The Muir Glacier in the Seventies, showing Ice Cliffs and Stranded Icebergs.

When we arrived at the Hoona hunting-camp, men, women, and children came swarming out to welcome us. In the neighborhood of this camp I carefully noted the lines of demarkation between the forested and deforested regions. Several mountains here are only in part deforested, and the lines separating the bare and the forested portions are well defined. The soil, as well as the trees, had slid off the steep slopes, leaving the edge of the woods raw-looking and rugged.

At the mouth of the bay a series of moraine islands show that the trunk glacier that occupied the bay halted here for some time and deposited this island material as a terminal moraine; that more of the bay was not filled in shows that, after lingering here, it receded comparatively fast. All the level portions of trunks of glaciers occupying ocean fiords, instead of melting back gradually in times of general shrinking and recession, as inland glaciers with sloping channels do, melt almost uniformly over all the surface until they become thin enough to float. Then, of course, with each rise and fall of the tide, the sea water, with a temperature usually considerably above the freezing-point, rushes in and out beneath them, causing rapid waste of the nether surface, while the upper is being wasted by the weather, until at length the fiord portions of these great glaciers become comparatively thin and weak and are broken up and vanish almost simultaneously.

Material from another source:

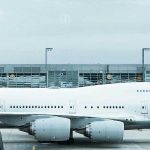 Flughafen Symbolbild - Wartehalle mit Lufthansa Flugzeug auf Rollbahn im Hintergrund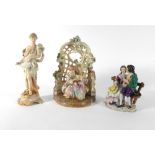 A 19th century Continental figural group modelled as a pair seated in a garden,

Glacier Bay is undoubtedly young as yet. Vancouver’s chart, made only a century ago, shows no trace of it, though found admirably faithful in general. It seems probable, therefore, that even then the entire bay was occupied by a glacier of which all those described above, great though they are, were only tributaries. Nearly as great a change has taken place in Sum Dum Bay since Vancouver’s visit, the main trunk glacier there having receded from eighteen to twenty five miles from the line marked on his chart. Charley, who was here when a boy, said that the place had so changed that he hardly recognized it, so many new islands had been born in the mean time and so much ice had vanished. As we have seen, this Icy Bay is being still farther extended by the recession of the glaciers. That this whole system of fiords and channels was added to the domain of the sea by glacial action is to my mind certain.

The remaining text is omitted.